(Beginning of DATA EXTRACT)
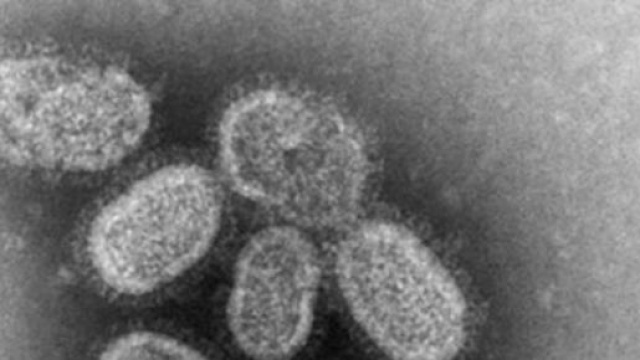 Influenza 2015, quali potrebbero essere le cause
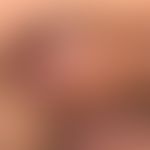 Syphilis Frühsyphilis. Primäraffekt. Seit 3 Wochen bestehender Primäraffekt. Ulkus, derb, wenig d...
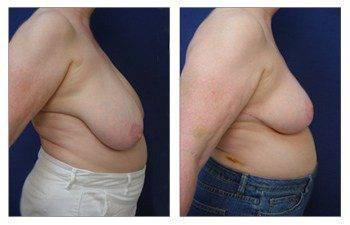 Where Are Breast Lift Scars, CPSI, width: 350px; height: 225px;
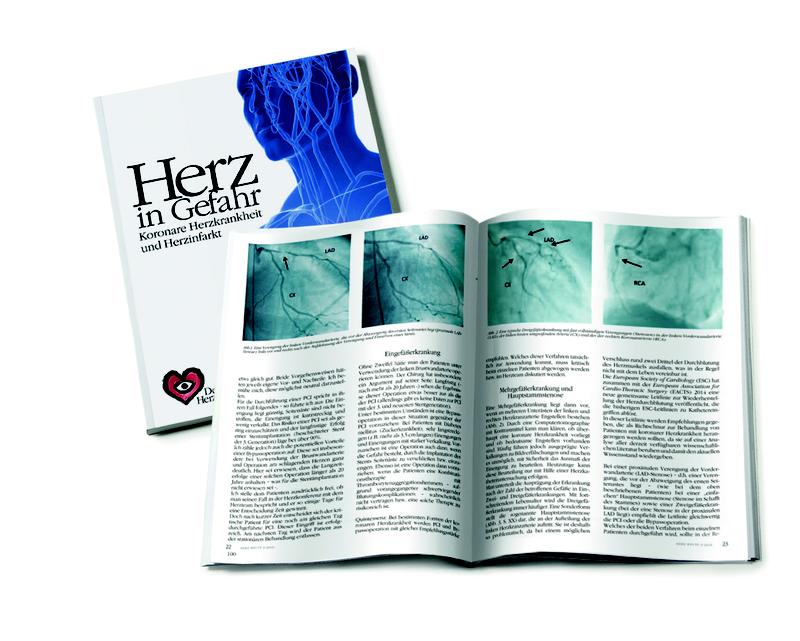 Mehr Infos zur Fragestellung "Stent oder Bypass?" bietet der Experten-Ratgeber "Herz in Gefahr" der Deutschen Herzstiftung. 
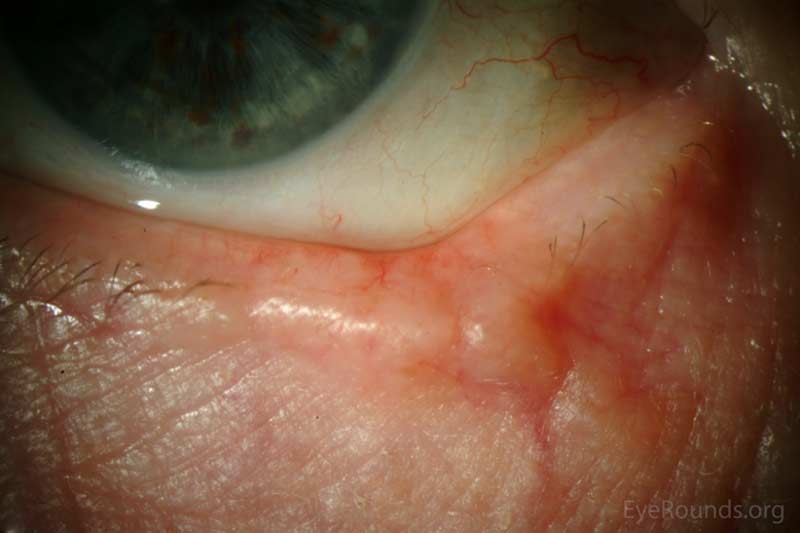 Basal Cell Carcinoma Eyelid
(End of DATA EXTRACT)
*WHAT TO PRODUCE:* Give the data again exactly as it appears, but without any images.

*WRITTEN REPLY:*
 Influenza 2015, quali potrebbero essere le cause
 Syphilis Frühsyphilis. Primäraffekt. Seit 3 Wochen bestehender Primäraffekt. Ulkus, derb, wenig d...
 Where Are Breast Lift Scars, CPSI, width: 350px; height: 225px;
 Mehr Infos zur Fragestellung "Stent oder Bypass?" bietet der Experten-Ratgeber "Herz in Gefahr" der Deutschen Herzstiftung. 
 Basal Cell Carcinoma Eyelid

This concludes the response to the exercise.